Your answer must consist solely of the lines from the one containing "Sergey Lavrov Bakıya" through the last line of the records below, reproduced exactly, with all pictures omitted.

--- Provided information ---

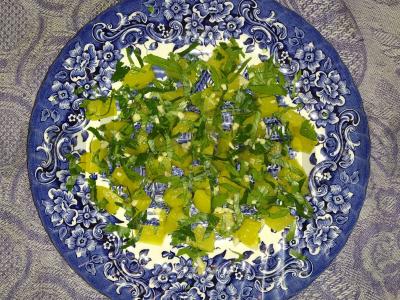 Lengvas salotas su moliūgu ir salierais Žingsnis 3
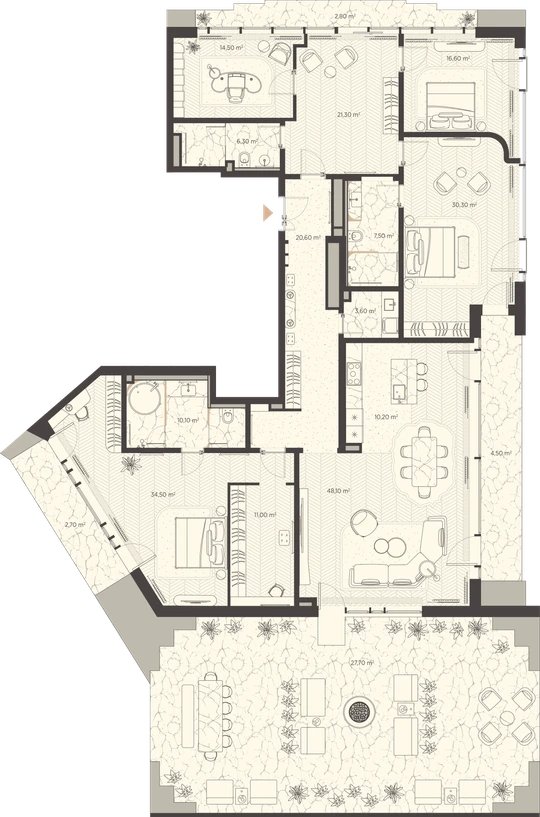План квартиры №317C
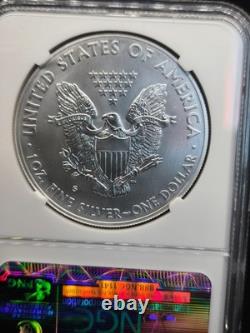 2011 American Silver Eagle EARLY RELEASE 5-Coin Set-NGC PF70/MS70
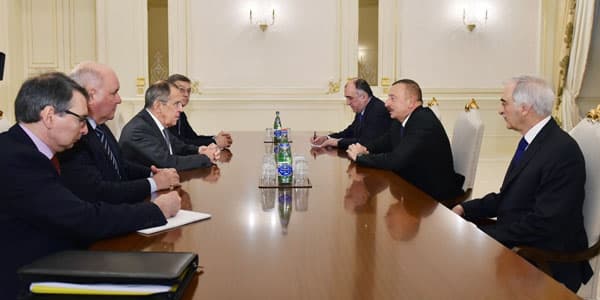 Sergey Lavrov Bakıya gəldi, İlham Əliyevlə görüşdü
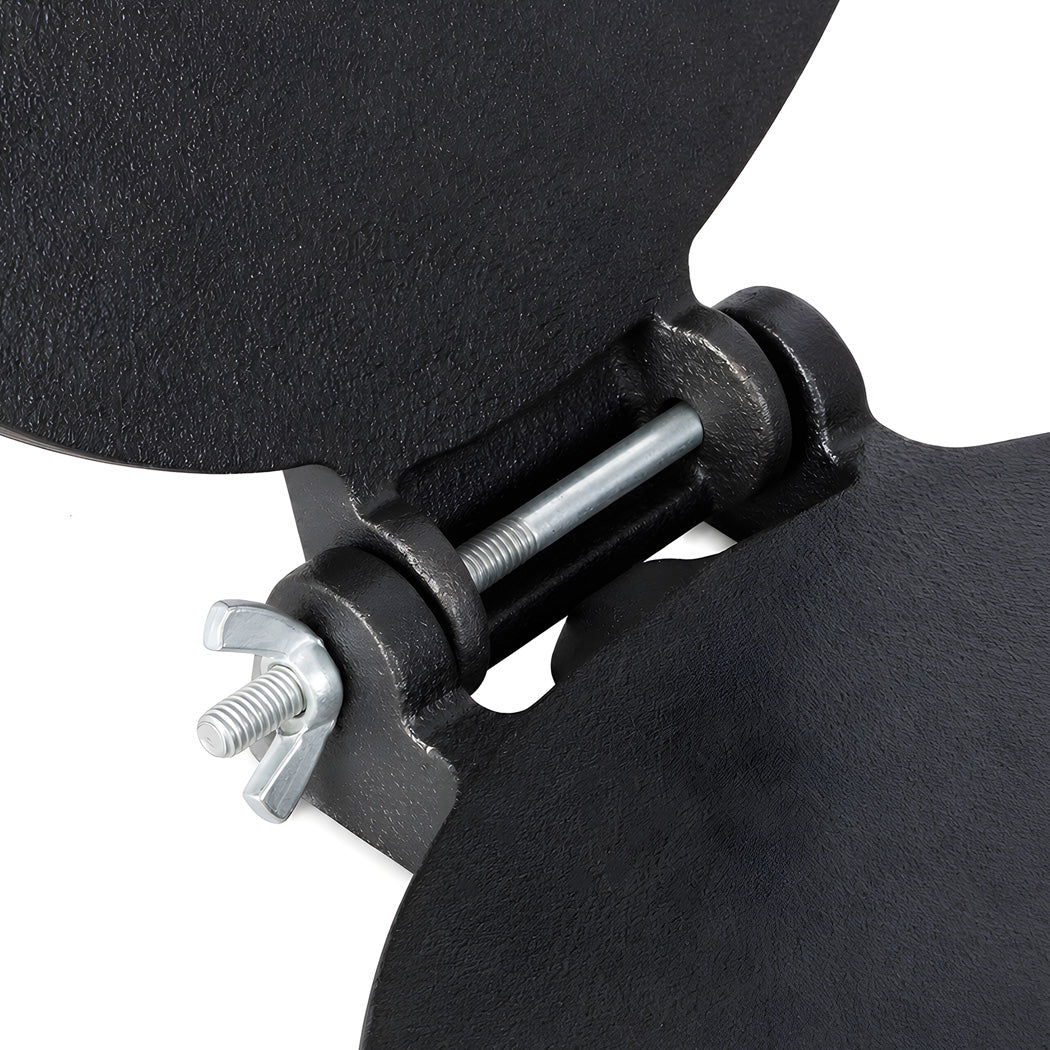 Toque Tortilla Press Cast Iron With Baking Paper Heavy Duty For Kitchen Black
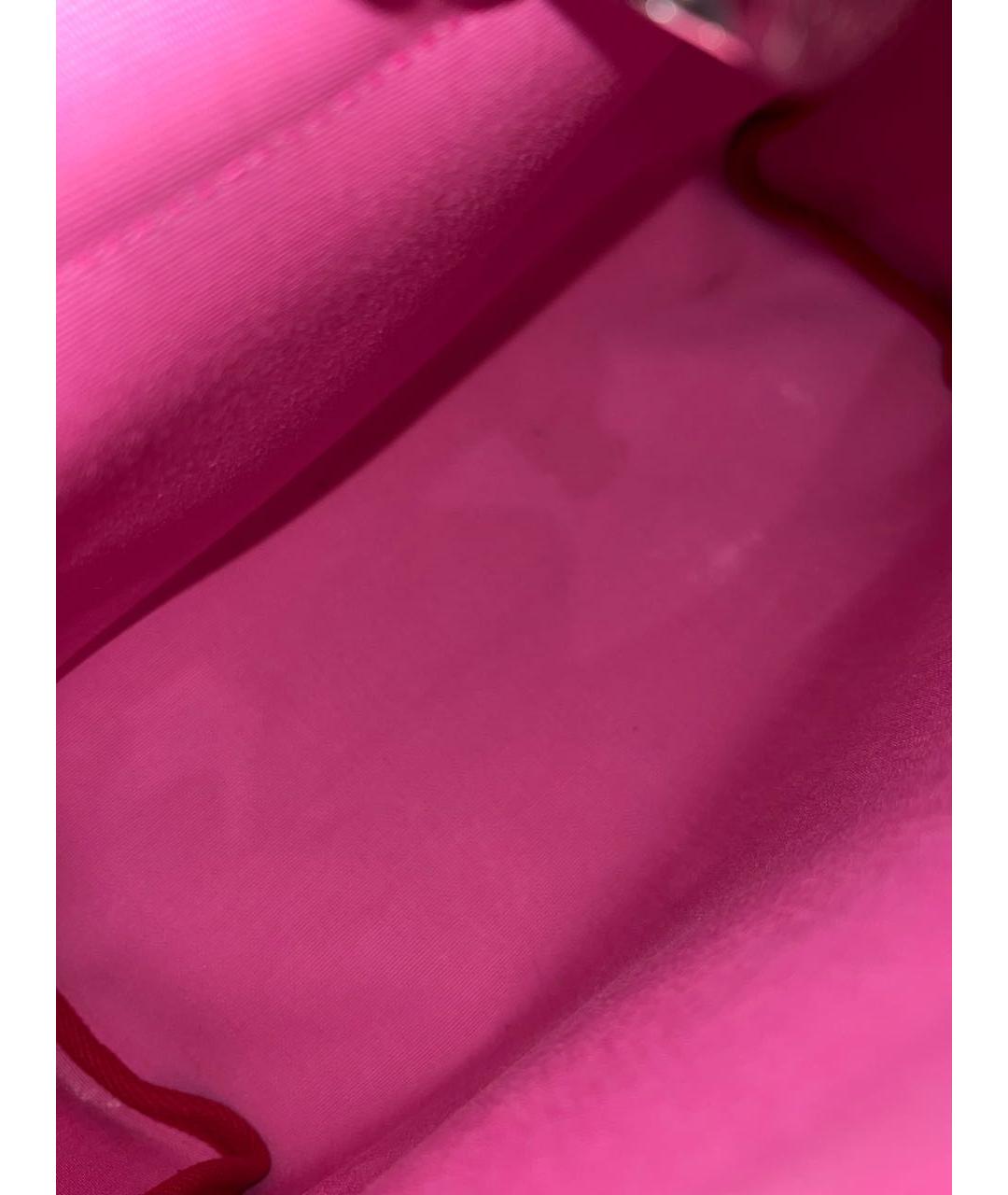 HERMES Розовая кожаная сумка с короткими ручками, фото 8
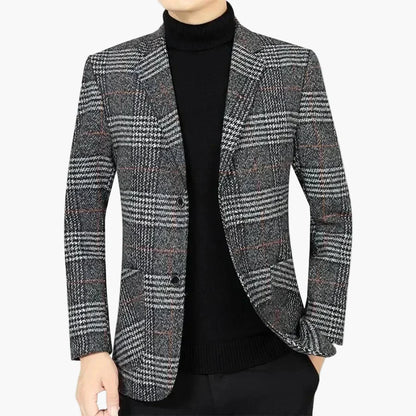 Herren Kariertes Sakko im klassischen Stil – Eleganter Blazer für Business und Freizeit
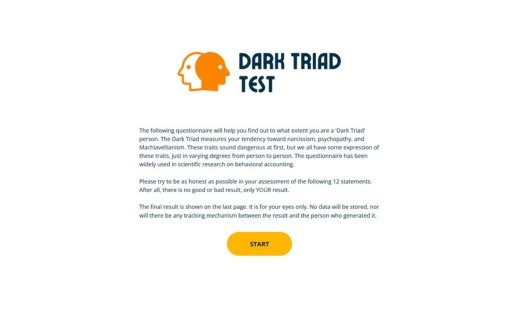 Dark Triad Test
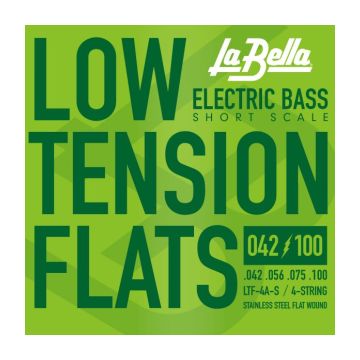 Preview of La Bella LTF-4A-S Low Tension Flats 42-100, Short Scale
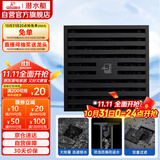 潜水艇（Submarine）BTK50-10黄铜烤漆黑色地漏卫生间淋浴防臭地漏 大排量地漏50管径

---

**Response area:**
 Sergey Lavrov Bakıya gəldi, İlham Əliyevlə görüşdü
 Toque Tortilla Press Cast Iron With Baking Paper Heavy Duty For Kitchen Black
 HERMES Розовая кожаная сумка с короткими ручками, фото 8
 Herren Kariertes Sakko im klassischen Stil – Eleganter Blazer für Business und Freizeit
 Dark Triad Test
 Preview of La Bella LTF-4A-S Low Tension Flats 42-100, Short Scale
 潜水艇（Submarine）BTK50-10黄铜烤漆黑色地漏卫生间淋浴防臭地漏 大排量地漏50管径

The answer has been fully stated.